Overactive bladder (OAB) is defined by the International Continence Society as "urinary urgency, usually accompanied by frequency & nocturia, with or without urgency urinary incontinence, in the absence of urinary tract infection or other obvious pathology".
1 in 9 of the general adult population are effected by OAB, with slightly more women than men experiencing symptoms & increases with age.
For many, urinary incontinence severely restricts their routine activities & damages their quality of life & self-esteem.
This is another area where there has been a substantial increase in the quality of the research output from China in recent years, with landmark papers published in top Western medical journals. This was the case with Liu’s 2017 study, a large, multicentre RCT for women with stress incontinence. It showed that electroacupuncture, compared with sham electroacupuncture, resulted in less urine leakage after 6 weeks.
In the latest systematic review (Zhao 2018), acupuncture (in particular electroacupuncture) was more effective than sham in decreasing night-time incontinence, relieving voiding symptoms & enhancing patients' quality of life. Ten RCTs with 794 patients were included. The inclusion in future reviews of trials such as Liu’s, & others in the pipeline, will transform the evidence base.

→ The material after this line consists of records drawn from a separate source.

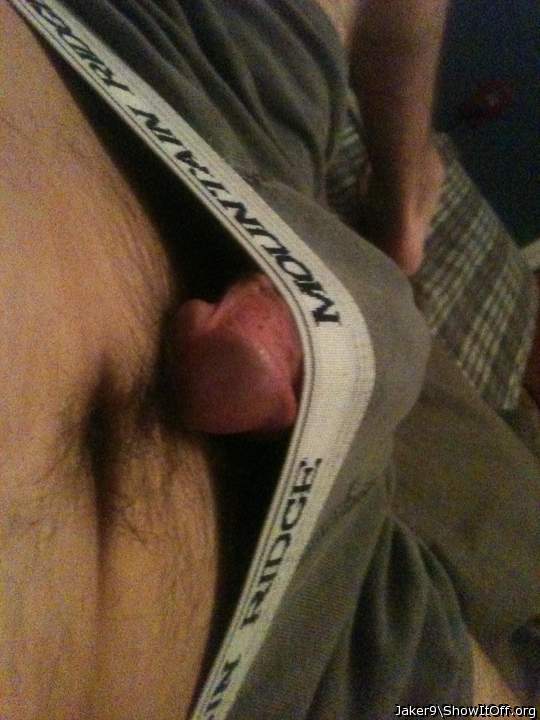 softy just peaking at you :-)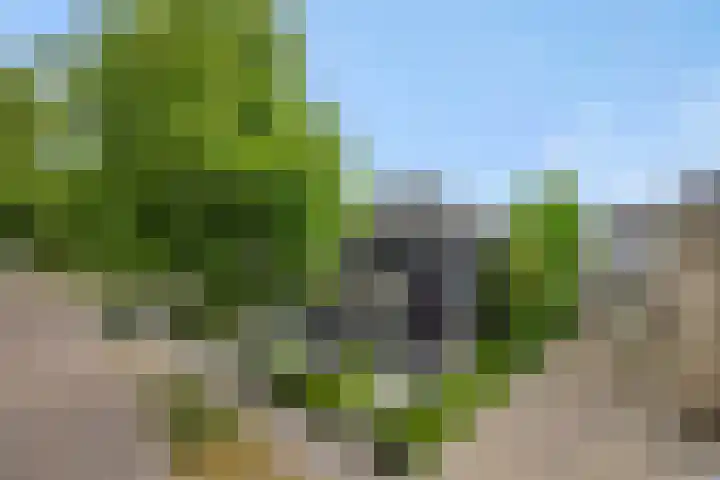 Broekhoek 16 Heesch thumbnail 56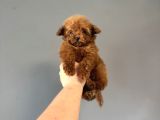 TEACUP KORE POODLE BEBEĞİMİZ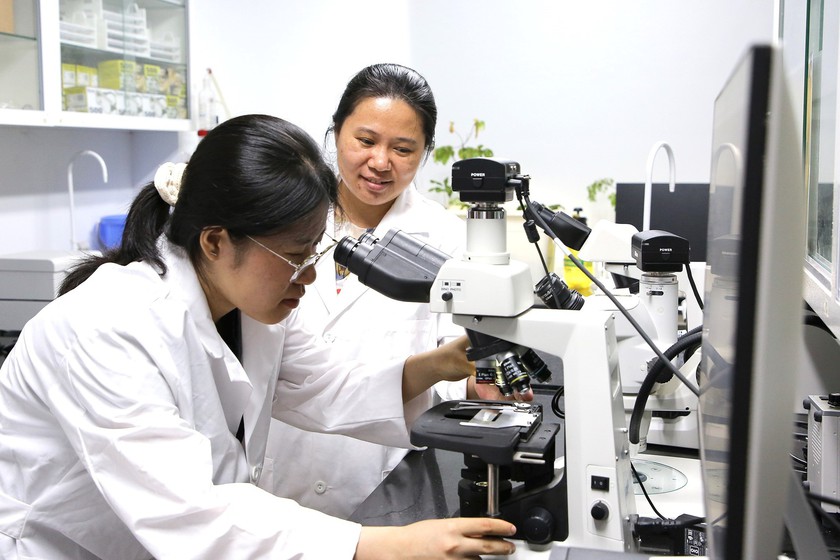 Quỹ học bổng quốc gia - tiếp sức cho nữ giới chinh phục với c&aacute;c ng&agrave;nh STEM - Ảnh 1.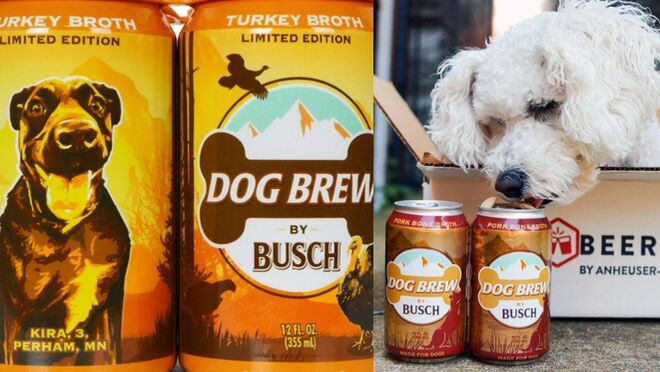 Lanzan una nueva cerveza para perros con caldo de pavo
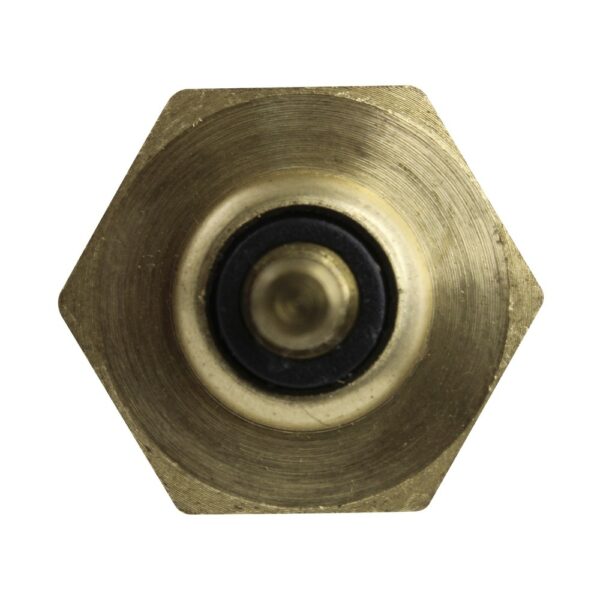 WS2639 - Imagen 2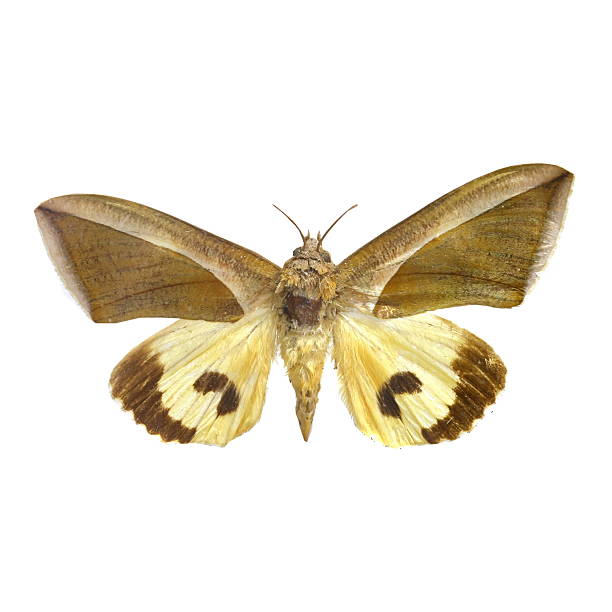istock colorful butterfly isolated on white 538535787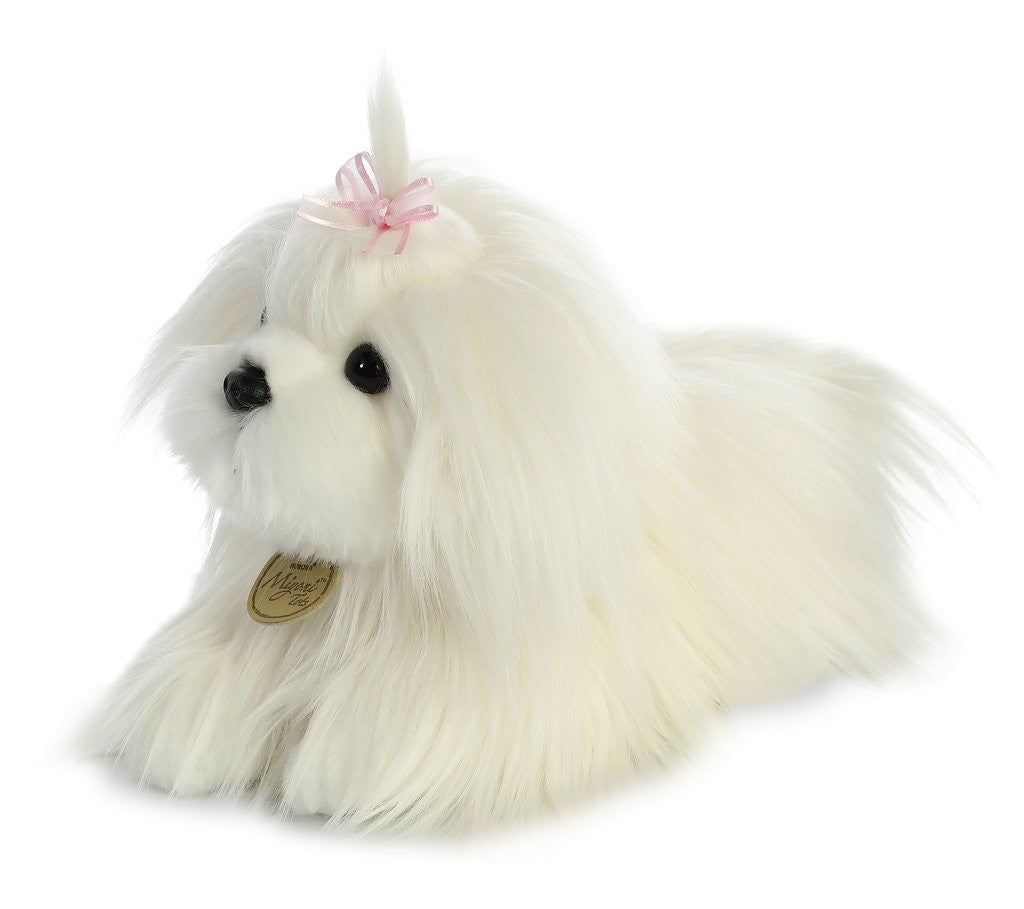 Maltese Puppy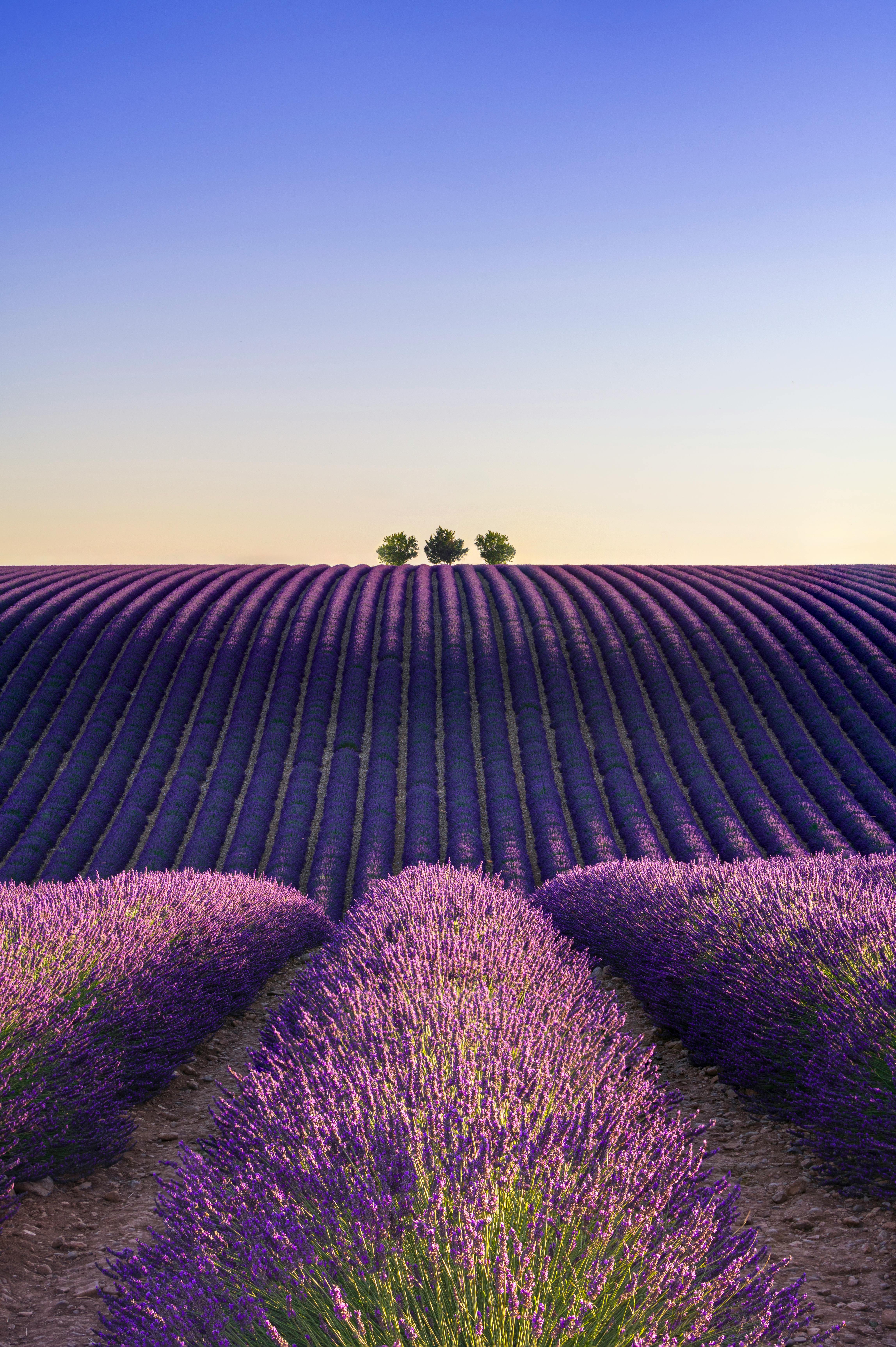 발랑솔(Valensole)의 라벤더 밭의 석양.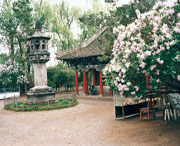 黑水城市风光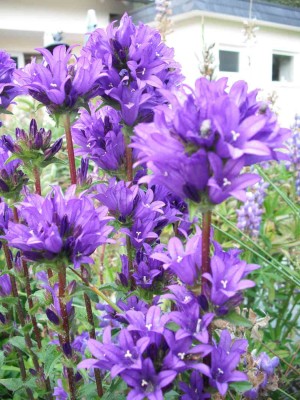 Hohe Knäuel-Glockenblume - Campanula glomerata 'dahurica'.jpg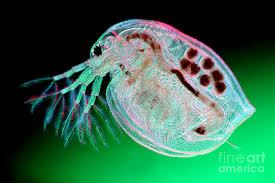 Attēlu rezultāti vaicājumam “Tubifera magna”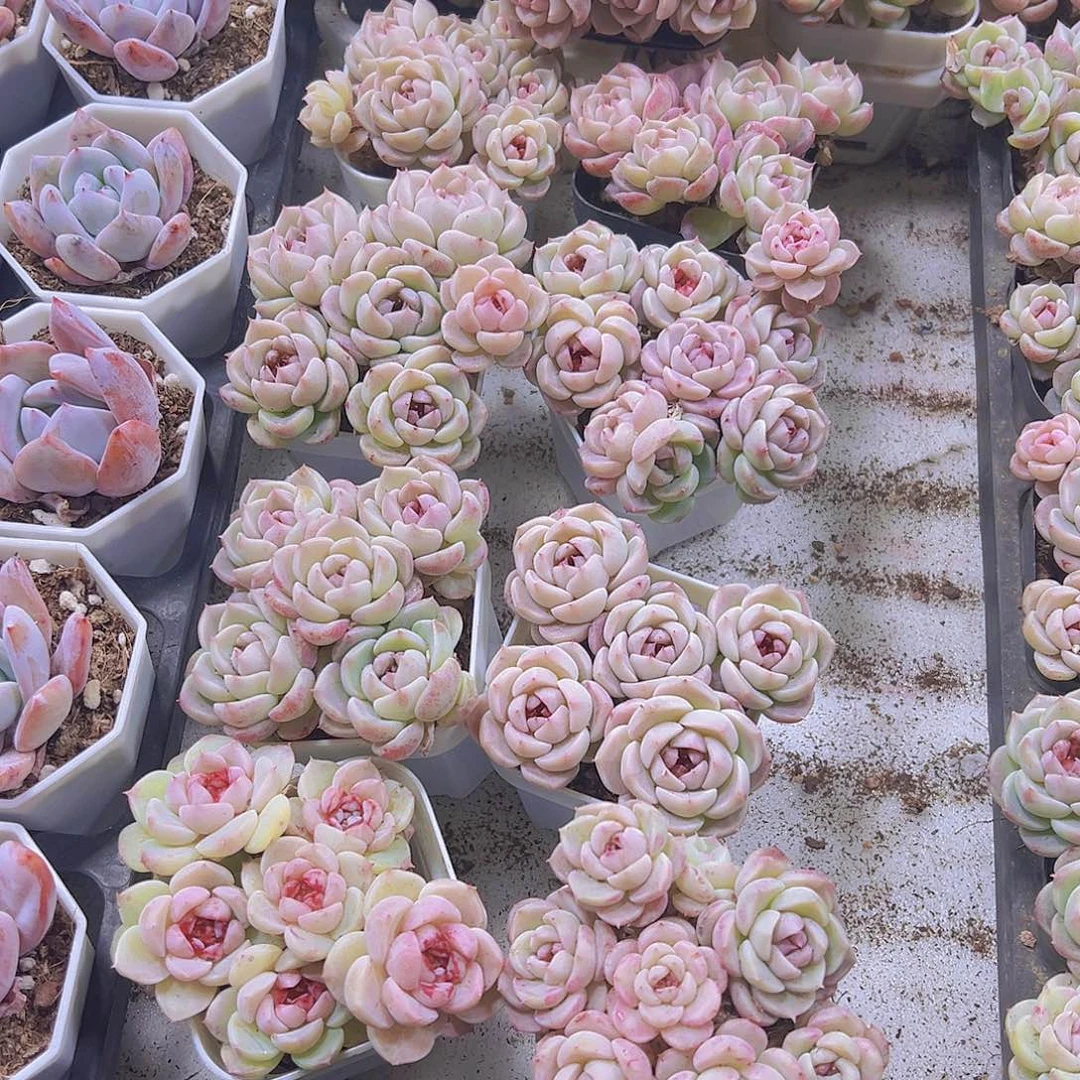 5头起天鹅龙19包邮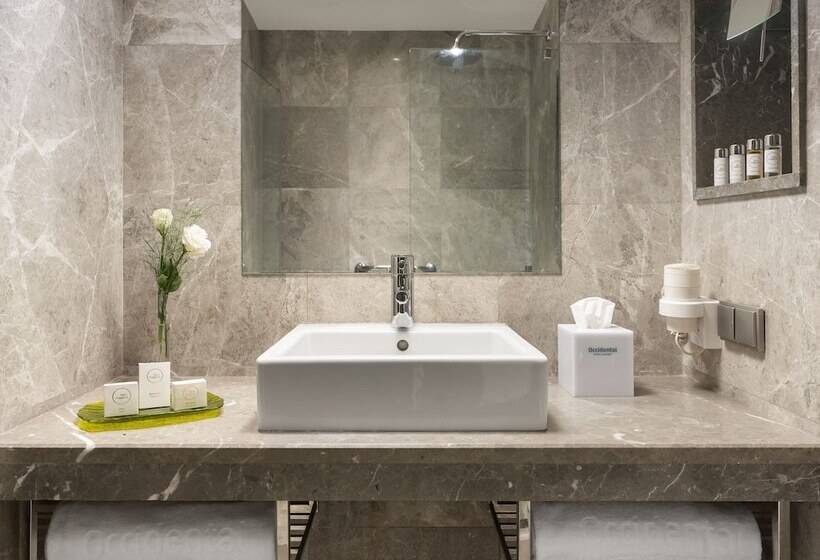 Номер Superior, Occidental Ankara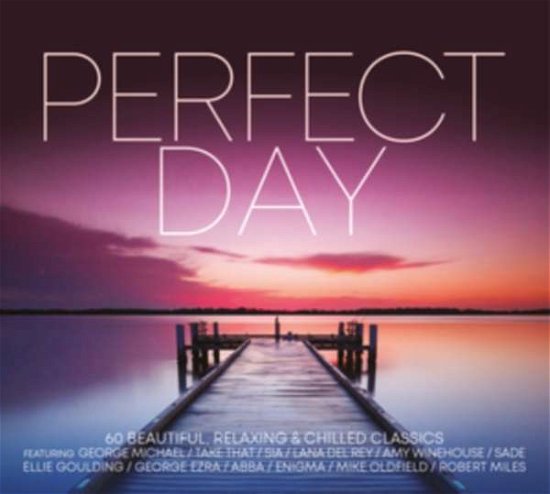 Cover for Perfect Day (CD) (2020)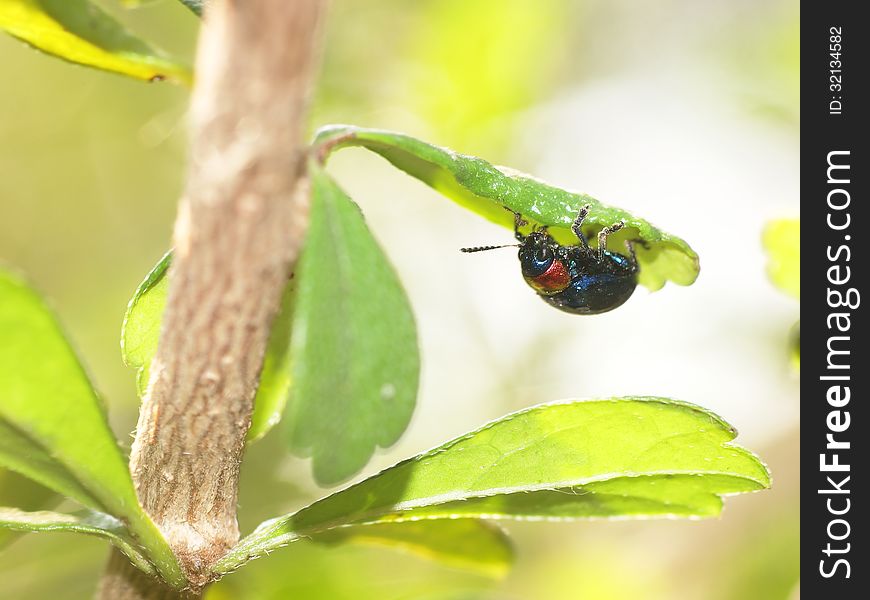 Blue Bug Beetles On A Green Leaf In Nature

The beneficial effects of acupuncture on OAB symptoms could be partially explained through signalling changes from the central nervous system to the bladder. Acupuncture has been shown to exert an effect on the autonomic nervous system, further endorsing the view that acupuncture can influence the human nervous system & therefore may affect symptoms arising from a disturbance in this system.
There are specific concerns & side‐effects linked to some treatments for OAB. The additive effect of anticholingeric medications, surgical treatments are invasive & may be contraindicated, as well as having a significantly higher risk when compared to acupuncture. In light of this, a systematic review by The Cochrane Library is currently underway to investigate alternative strategies for managing OAB & to provide high‐quality evidence, which is essential to allow patients to make fully informed decisions regarding their choice of therapies.